We’re thrilled to bring you this article from Charlie, a very skilled helicopter pilot who generously granted us an exclusive glimpse into her thrilling life in the skies, sharing with you incredible insights into her daily work…
Company, Position & Base?
Columbia Helicopters, BV234/107 Command Pilot, Based in Turkey and Burkina Faso
Can you summarise your job role as a helicopter pilot in one sentence?
I fly heavy lift tandem rotor helicopters performing utility and internal cargo missions.
Example of a typical “day in the life” of a heavy lift helicopter pilot?
In the summer months, I fly a bucketed 234 on fire missions in Turkey and the rest of the year I deliver food to remote villages in Burkina Faso for the World Food Programme.
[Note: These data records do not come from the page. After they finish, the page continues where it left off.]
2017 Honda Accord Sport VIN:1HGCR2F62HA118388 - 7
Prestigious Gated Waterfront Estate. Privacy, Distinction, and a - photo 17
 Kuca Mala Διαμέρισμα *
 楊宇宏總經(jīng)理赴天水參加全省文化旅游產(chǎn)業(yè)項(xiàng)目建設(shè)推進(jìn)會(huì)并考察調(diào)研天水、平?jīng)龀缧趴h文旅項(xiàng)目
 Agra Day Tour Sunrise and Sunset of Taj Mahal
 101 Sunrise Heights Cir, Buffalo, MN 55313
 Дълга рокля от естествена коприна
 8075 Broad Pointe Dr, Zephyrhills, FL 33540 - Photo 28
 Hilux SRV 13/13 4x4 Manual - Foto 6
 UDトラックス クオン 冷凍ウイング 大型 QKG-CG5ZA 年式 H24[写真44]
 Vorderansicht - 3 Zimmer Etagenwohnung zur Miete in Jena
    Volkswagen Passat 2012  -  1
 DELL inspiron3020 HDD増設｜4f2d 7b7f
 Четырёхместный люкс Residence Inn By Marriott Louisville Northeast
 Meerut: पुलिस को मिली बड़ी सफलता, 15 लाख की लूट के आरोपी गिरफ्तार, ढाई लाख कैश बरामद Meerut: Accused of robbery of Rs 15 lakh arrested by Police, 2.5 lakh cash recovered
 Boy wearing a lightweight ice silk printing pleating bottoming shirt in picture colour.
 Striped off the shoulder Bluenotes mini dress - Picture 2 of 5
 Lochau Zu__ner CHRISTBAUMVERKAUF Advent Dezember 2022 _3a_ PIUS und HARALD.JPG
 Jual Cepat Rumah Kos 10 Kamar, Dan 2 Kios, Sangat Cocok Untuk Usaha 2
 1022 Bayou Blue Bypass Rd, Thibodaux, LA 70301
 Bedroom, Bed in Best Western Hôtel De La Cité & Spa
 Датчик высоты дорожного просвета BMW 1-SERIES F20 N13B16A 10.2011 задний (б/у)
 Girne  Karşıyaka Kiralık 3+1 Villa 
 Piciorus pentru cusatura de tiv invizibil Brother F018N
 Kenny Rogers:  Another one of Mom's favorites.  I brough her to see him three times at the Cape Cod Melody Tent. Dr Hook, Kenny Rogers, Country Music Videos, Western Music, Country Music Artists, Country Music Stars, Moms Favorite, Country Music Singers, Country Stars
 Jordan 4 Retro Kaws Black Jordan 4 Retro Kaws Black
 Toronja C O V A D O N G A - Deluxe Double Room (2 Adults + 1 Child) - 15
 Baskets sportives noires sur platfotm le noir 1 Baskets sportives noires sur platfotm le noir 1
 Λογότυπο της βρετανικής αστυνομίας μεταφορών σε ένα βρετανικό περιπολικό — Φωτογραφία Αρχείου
On a typical day, I’ll get up around 4:30 AM, grab a quick breakfast and then head to the helicopter with the crew. We preflight the aircraft and coordinate with our Crew Chief regarding any maintenance requirements. The flight missions are very different in Turkey vs. Burkina Faso. In Turkey, we stand by at the fire base until we get dispatched. In Africa, we receive a daily schedule of how much food needs to be delivered and to which location, as well as remote fuelling points. Once the daily missions are complete, we post flight and return to our hotel. There isn’t much time for anything else! We work 7 days a week for 28 days, and then get 28 days off.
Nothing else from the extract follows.